Dad passed away on Memorial Day, at home here in Napa, with his children. To the end his vitals were perfect but his cartilage was gone, too fragile to continue. In the morning he was alert and thanked his caregivers; by afternoon he fell deeply asleep after a long and quiet life. He felt lucky to marry Teresa in 1949, enjoying 65 years until she passed in Oct 2014. His three brothers all departed decades ago; now Fritz leaves behind four children, two grandsons and their families.
Fritz was born in Willard Ohio, a Baltimore & Ohio rail town named after “Uncle Dan” Willard, the Railroad president. Dad’s early memories were packed with a wild 1927 mix of cheers for Lindbergh’s stunning flight in May, followed by endless summer rains and woe. Storms from Idaho to Appalachia kept coming, pouring up to a foot per week into the Great Ohio-Mississippi Flood of 1927 .. still the worst natural disaster in US history.
The Mississippi ran up to 80 miles wide with no high ground in sight; every radio played Bessie Smith’s lament “Back Water Blues”. Millions straggled north; commerce died and the B&O sent its president Dan Willard right to tiny Willard OH. Dad recalled that flags were flying as Mr Willard announced the company would celebrate its 100th year 1827—1927, with gift passes for railroad families on any route west! But as rain fell, it was also Willard’s job to say farewell to B&O railroaders as their jobs drowned in floods. MidAmerica’s Great Depression had begun, two years before Wall Street fell.
When a distant aunt in California offered to take in Dad’s family, they used those B&O passes to board a train, leaving behind a swampy mess. Two days later they were in Santa Monica, and six months after his ragged arrival, Fritz was invited to join a school-family for July at Echo Lake above Tahoe. Little Fritz was happy beyond any dream as he learned to swim, read maps and row at sunrise to fish for trout in a blue blue snowmelt lake. From that summer on through the years, Fritz felt lucky to live.
When an earthquake rattled Venice High, Fritz felt lucky to attend class in tents. When a dozen students transferred in from Hawaii, Dad made friends with a Japanese-Hawaiian family who helped him make a surfboard in wood shop. He felt lucky when their daughter taught him to count in Japanese, lucky to earn a bicycle with his paper route, and lucky to heft his surfboard to the beach and catch waves ”like Duke.”.
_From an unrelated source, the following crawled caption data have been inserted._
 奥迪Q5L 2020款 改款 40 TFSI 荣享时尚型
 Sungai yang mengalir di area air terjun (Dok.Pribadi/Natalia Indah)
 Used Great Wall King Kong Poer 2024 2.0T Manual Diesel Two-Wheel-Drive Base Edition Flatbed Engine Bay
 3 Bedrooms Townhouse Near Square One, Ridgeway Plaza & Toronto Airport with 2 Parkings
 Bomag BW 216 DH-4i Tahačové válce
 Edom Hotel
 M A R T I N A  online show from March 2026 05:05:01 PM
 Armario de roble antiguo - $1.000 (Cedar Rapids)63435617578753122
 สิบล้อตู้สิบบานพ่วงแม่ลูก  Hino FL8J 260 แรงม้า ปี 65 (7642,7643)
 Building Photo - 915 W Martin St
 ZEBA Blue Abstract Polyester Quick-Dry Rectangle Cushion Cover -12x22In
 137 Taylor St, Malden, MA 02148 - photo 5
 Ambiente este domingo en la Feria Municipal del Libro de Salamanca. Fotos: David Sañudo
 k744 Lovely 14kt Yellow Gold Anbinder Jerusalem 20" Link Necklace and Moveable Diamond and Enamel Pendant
Pearl Harbor launched the Army draft, and Fritz felt lucky to pass the pilot test for the Army Air Corps. He never saw his friends Midori and Zumi again, but a few months after riding his bike to work at Douglas Aircraft, he was a fighter pilot in North Africa for General Patton‘s campaign vs Rommel. When Patton transferred to a British base, Fritz was assigned to General Jimmy Doolittle’s new U.S. Air Force in Italy, flying the new P-47 fighter from the same airfield as Redtail pilots trained by Doolittle. He logged 115 missions to halt all supplies to Nazi armies in Italy, by destroying ships in Genoa and trains in the Alps. Doolittle’s new strategy forced Nazi retreats from Sicily to Naples to Genoa to Marseilles and north of Lyon into the Alps. Fritz felt lucky to ship home from Marseilles, alive.
Dad was always cautious of those describing the war with excitement; he just felt lucky to do his job for good leaders. He admired Eisenhower’s citizen-soldier rule requiring civilian handshakes, not salutes, when service time ends .. to let Life bloom.
We got to bloom in care of a fireman who was pleased to see us thrive in school, on sailboats and in National Parks all over the west. Fritz and Teresa retired from the fire department to enjoy a sailing life, until settling into Napa closer to family. Their grandchildren loved to join Grandpa Fritz at his workbench, and to sing with Grammy Teresa on bike rides to Model Bakery.
A family memorial will be held Fathers Day weekend, near the Veterans Home in Yountville. Covid19 rules are strict at the Veterans Cemetery so please join us in spirit, as quietly as Fritz would have liked.